As the English school really appeals to you, if the practicalities with travel and transition are OK, I would go for it. FWIW, I started school after the Easter holidays and think it is a really positive time to start as the days are opening out and getting warmer, and, as another poster said, the summer activities are beginning.

wimini · 26/03/2012 18:19

If the child is in P1 now, surely he'll be in P2 when your daughter starts P1. I wouldn't be too worried if they're not going to be in the same class.

Ghoulwithadragontattoo · 26/03/2012 18:28

I wouldn't let a single child put me off the local school to be honest.

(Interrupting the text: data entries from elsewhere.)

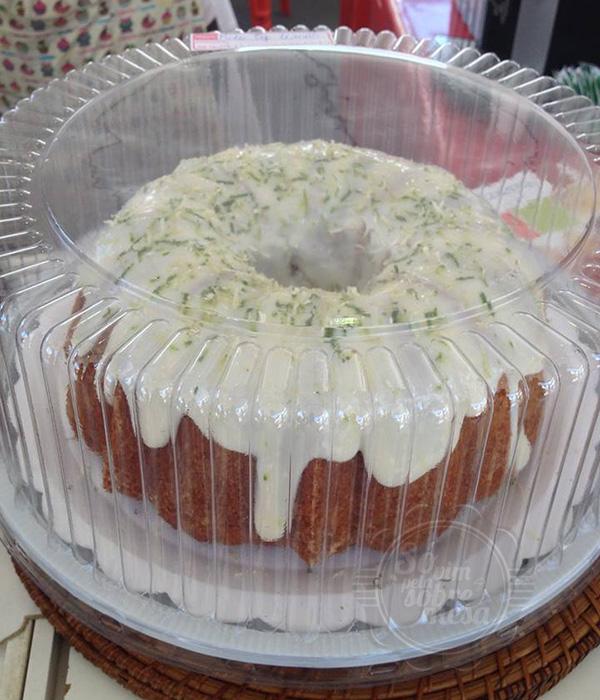 [Bolo de Limão - o sucesso da Lhô]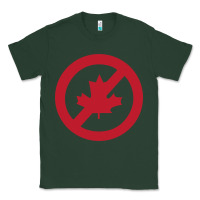 Sports Green The Blame canada Classic Tee - artisFamous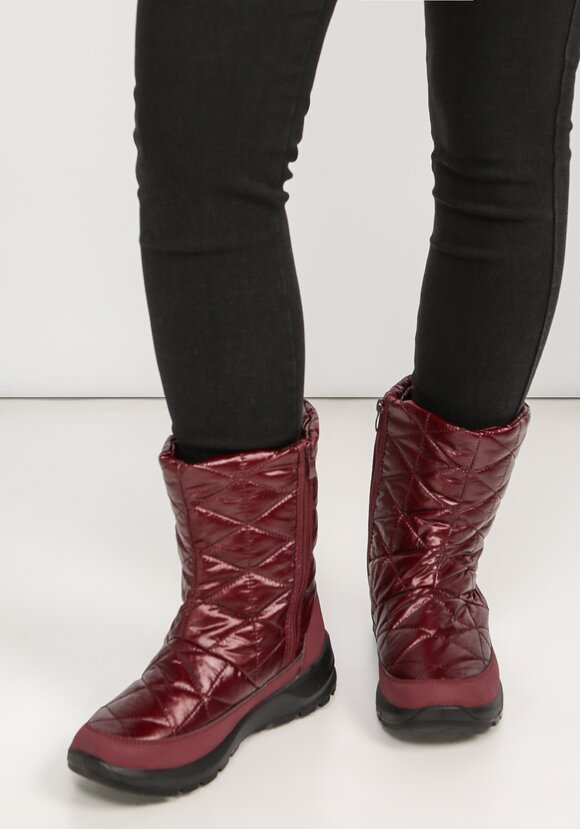 Дутики женские Маргаретт шир.  580, рис. 13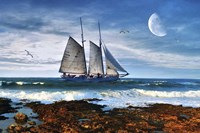 Seascape Fine Art Print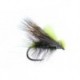 Chartreuse High Viz Deer Hair Sedge Bl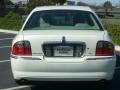2003 Ceramic White Tri Coat Lincoln LS V6  photo #5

3duracellbunnies · 26/03/2012 19:43

We are far south, but in our school, and I think in most schools they differentiate, so those children who don't know their letters might have different work to those who do, so your child might find at first they are doing some of the easier work, but with some support etc at home I am sure that the diifferences will iron out, and they will reach their potential. After all in recption they have about 5hrs, 2hrs of which has to be free play, some of the time is taken up with assemblies, PE, learning about their project, etc. I'm not saying that these things aren't important, but you can't catch up with a nativity play. There is still such a mix of abilities in my childrens' classes.

It is tricky, how many per year in first school? Is there is some mixing of year groups, so the child will be encountered again? The child though might have lost interest, having been apart for a some time, they may not want to play with a younger child. My dd didn't even recognise a girl she had been to preschool with once she had been in a different school for two terms. The English school sounds nice, but you need to look at your options for secondary etc.

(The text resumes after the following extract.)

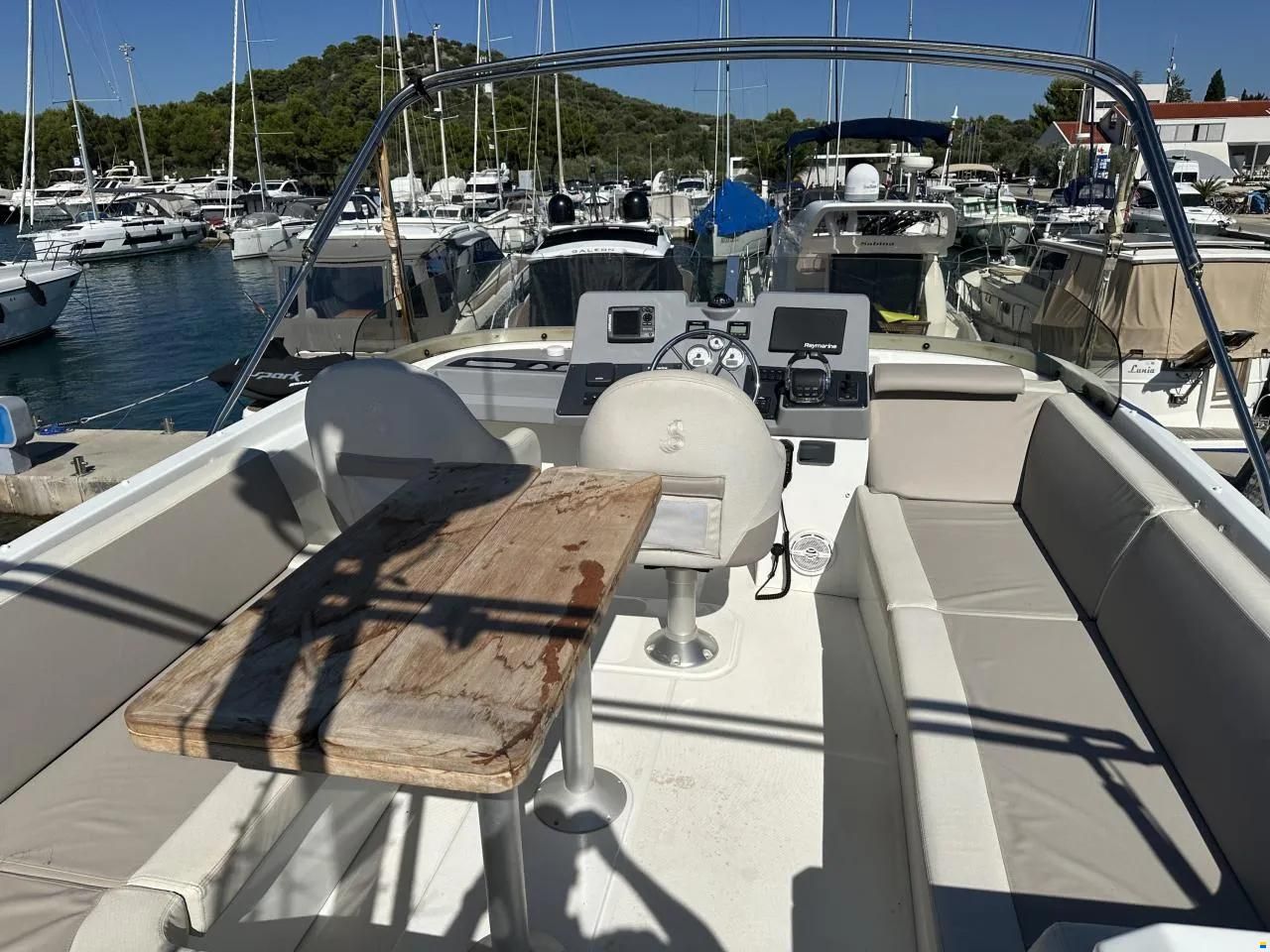 Beneteau Swift Trawler 44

horseymother · 27/03/2012 08:21

Thank you for this everyone. True - I shouldnt let one child dictate where my own goes and the head mistress at the english school seemed bemused/mortified that it was even cause for concern (I sensed she would have nipped such behaviour in the bud immediately). However, after meetings with nursery staff re this older child a while ago and the inability to actually do anything to address the situation...even the headmistress of the two small schools just shrugged her shoulders about the situation and didnt once even moot that she would take the situation in hand and not to worry). I dont havwe much confidence they would protect my child sufficiently (from an emotional point of view I mean). The older child will indeed be a P2 when mine starts as a P1 but they are composite classrooms and the p1's, 2's and 3's are in together so my child would have a few years of this older one who he is actually terrified of. (My child saw him from afar in the local supermarket the other week after not having seen him for a while and mine was just about on my head trying to escape before this older one spotted him and was twitched for the rest of the day).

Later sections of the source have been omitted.